Joined: Mar 2008
Posts: 1,049
Thanks:
4
I gave it a try just now on a couple full pages of text, and it did remarkably well in my opinion. I "scanned" the pages by photographing them with my digital camera, and they were quite noisy. Without any involvement on my part, it recognized all the text fine, with about 95% accuracy. Furigana seemed to confuse it a little though. This really beats typing everything out by hand!
Joined: Mar 2007
Posts: 3,851
Thanks:
0
Wonder if it'll work under wine (crossover).
Joined: Mar 2008
Posts: 1,049
Thanks:
4
Press the 3rd button on the toolbar to open a file. If you go to the little dropdown thing beside the button, you can choose from: file, folder, TWAIN device, clipboard.

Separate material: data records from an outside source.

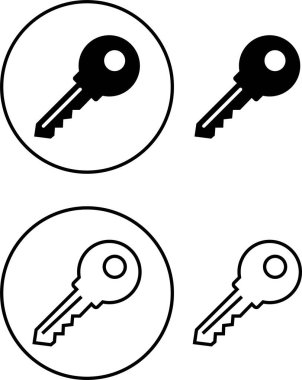 Anahtar simgesi ayarlandı. Anahtar siyah düz ve çizgi vektör koleksiyonu şeffaf arkaplanda izole edildi. Genel stilde anahtar sembol. Ev, oda, ofis, kapı, kilit, güvenlik, gizli, kapı için erişim konsepti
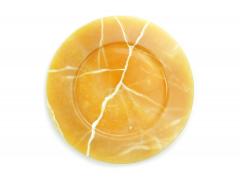  Pieruga Marble Set of 4 charger plates in orange onyx hand carved in Italy - 1460762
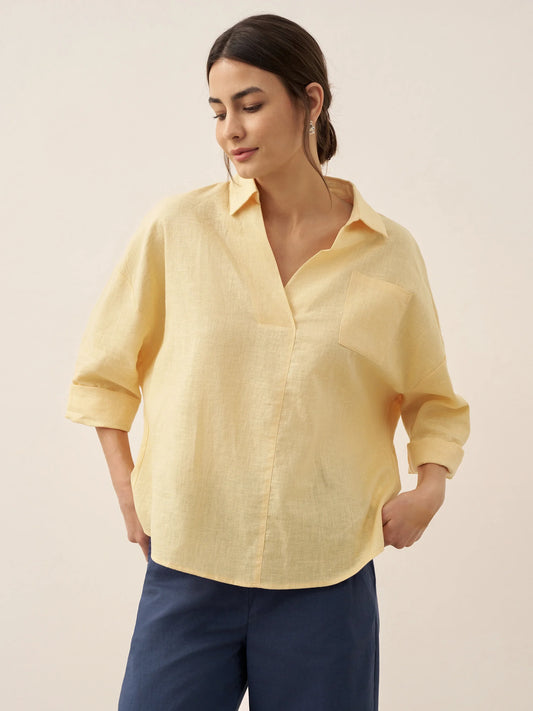 Linen Oversized Fit Pocket Shirt ELOWEN - Pale Yellow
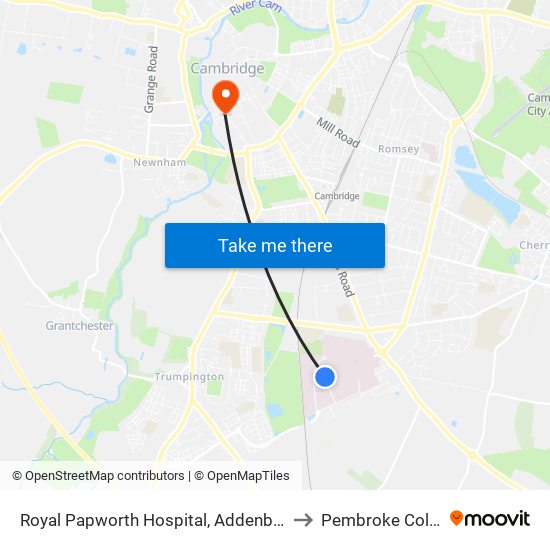 Royal Papworth Hospital, Addenbrookes to Pembroke College map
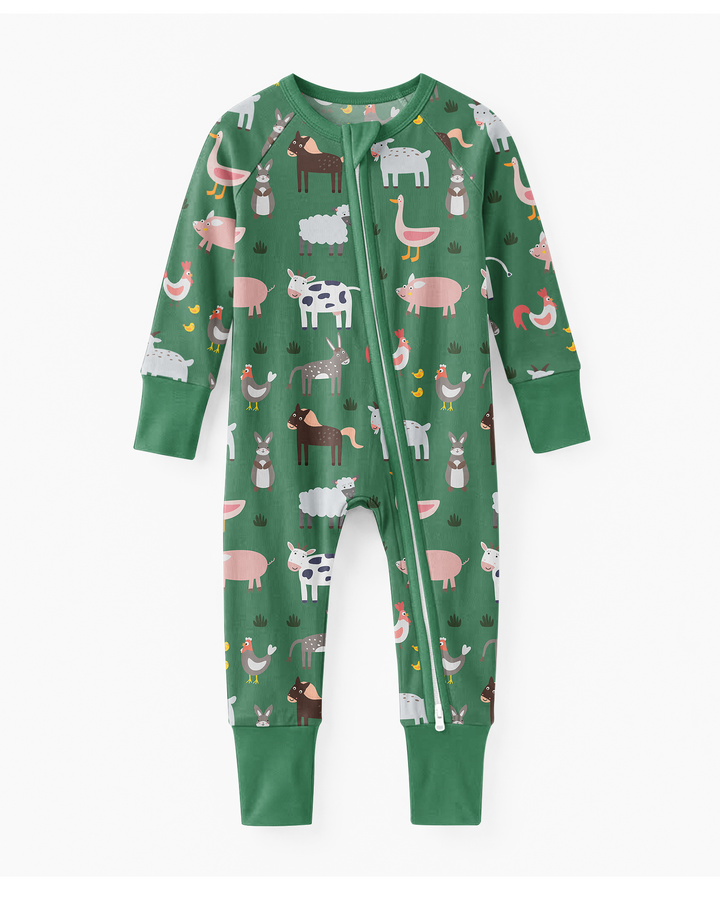 Green Farm Animals Bamboo Convertible Zippered Romper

So anyways, you click that button and load up a source image for it to OCR.
You should see the image come up now, and it will put a box around parts that it recognizes as text, and labels each one with a yellow number. Now at this point there are a ton of options and things that you can play around with, and I don't understand how to use it so well myself... but you can draw your own boxes around text that you want it to try to recognize.
Now on the very right side it will show you what it recognized. If you notice something is wrong, you can right click it, and i think it displays a list of alternatives. The drop down box on this window will let you change the layout.
Finally, click the save button to save the text to a file. I prefer using normal text files, otherwise it will try to do weird things with the formatting.
Joined: Jun 2008
Posts: 2,009
Thanks:
1
Thank you. I manage to get as far as opening a file and got lost at first.
Do you know if it will accept more than one page of a pdf? I opened one and a random page showed? Perhaps I'm missing how to cycle through...
Joined: Mar 2008
Posts: 1,049
Thanks:
4
sorry, dunno.
A workaround might be to screenshot each page of the pdf and work with that?
Edited: 2009-02-01, 8:04 pm
Joined: Mar 2008
Posts: 1,049
Thanks:
4
I checked out the RealReader lite software, it seems to be a continuation SmartOCRLite.
I couldn't get version 8 to work right though, and version 7 just seems like SmartOCR with different colors in the interface.
In any case, does anyone know if there is a way to batch process files in this software? I am trying to OCR some DVD subtitles. Its very accurate, but I'm currently doing them one at a time which is taking me forever.
I can load all of the files in at once, but I can't find a way to batch process and save them as text.